[Opening PROVIDED DATA section]

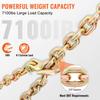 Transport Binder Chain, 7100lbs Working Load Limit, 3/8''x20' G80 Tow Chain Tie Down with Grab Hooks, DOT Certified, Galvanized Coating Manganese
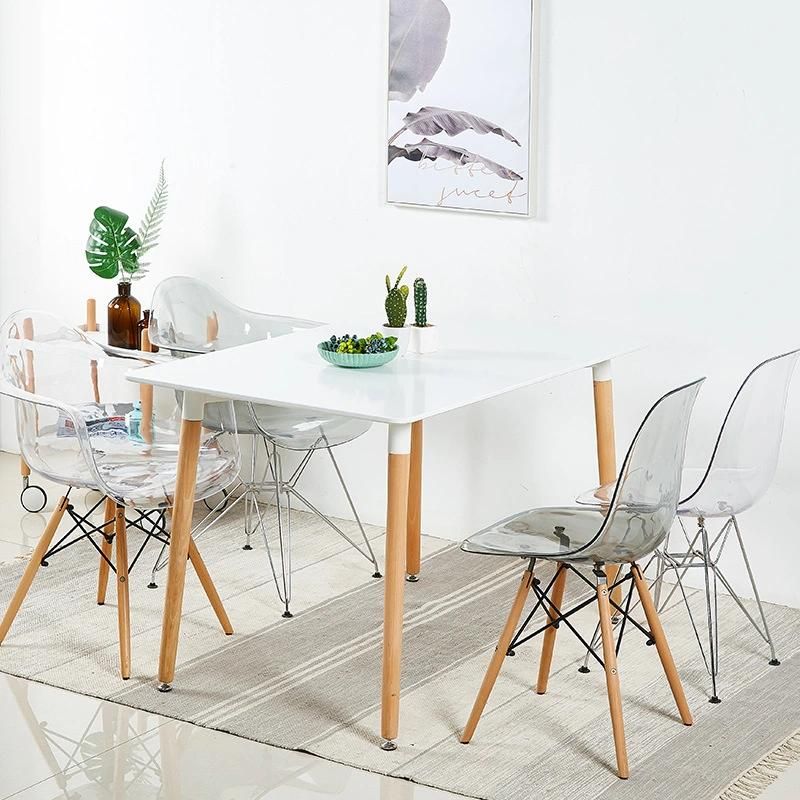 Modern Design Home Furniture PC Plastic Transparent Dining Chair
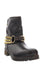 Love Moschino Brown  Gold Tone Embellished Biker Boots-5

[Closing PROVIDED DATA section]
[Opening PROVIDED DATA section]

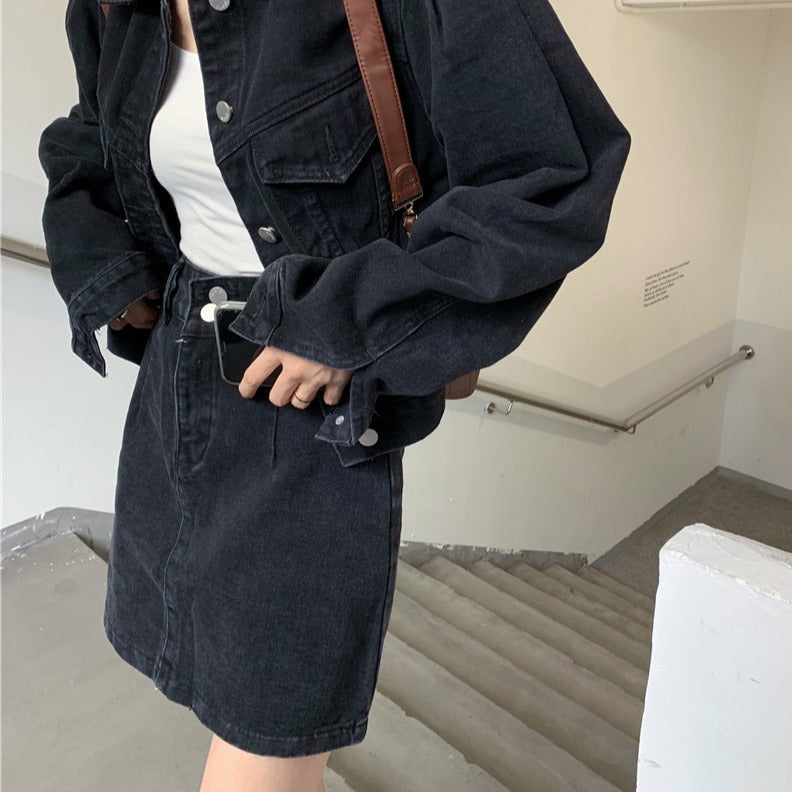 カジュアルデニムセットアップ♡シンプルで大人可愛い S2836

[Closing PROVIDED DATA section]

- EXERCISE DESCRIPTION -
Write back the stretch of lines above that begins with the line holding "Modern Design Home" and ends with the line holding "Love Moschino Brown", both included, exactly as written. Pictures stay out.

- EXERCISE ANSWER -
 Modern Design Home Furniture PC Plastic Transparent Dining Chair
 Love Moschino Brown  Gold Tone Embellished Biker Boots-5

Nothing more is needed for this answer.